**Source data**
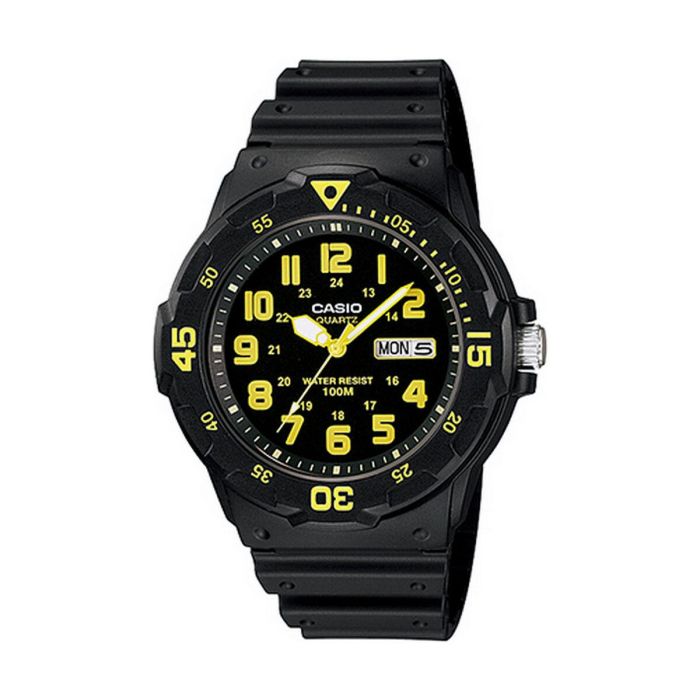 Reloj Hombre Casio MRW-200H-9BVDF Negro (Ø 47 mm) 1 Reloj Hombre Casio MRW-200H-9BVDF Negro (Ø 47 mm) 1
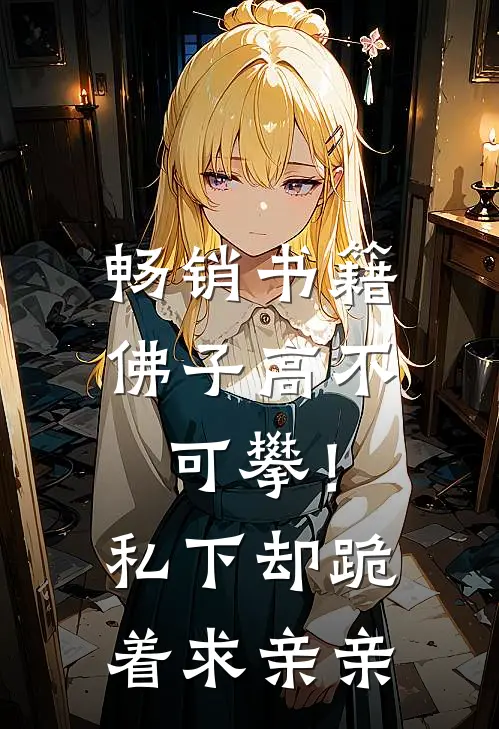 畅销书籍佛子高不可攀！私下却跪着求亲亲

...

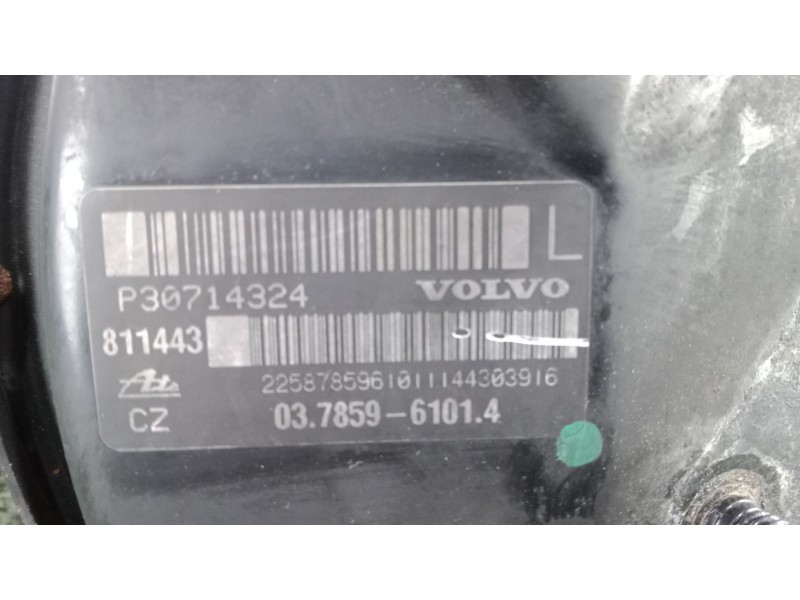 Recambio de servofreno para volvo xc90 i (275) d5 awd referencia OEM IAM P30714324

**Required work**
Transcribe, word for word, the lines of the listing above from the one that contains "Reloj Hombre Casio MRW-200H-9BVDF Negro (Ø 47 mm) 1 Reloj" through the one that contains "畅销书籍佛子高不可攀！私下却跪着求亲亲", keeping both ends and dropping the pictures.

**Reply to the exercise**
 Reloj Hombre Casio MRW-200H-9BVDF Negro (Ø 47 mm) 1 Reloj Hombre Casio MRW-200H-9BVDF Negro (Ø 47 mm) 1
 畅销书籍佛子高不可攀！私下却跪着求亲亲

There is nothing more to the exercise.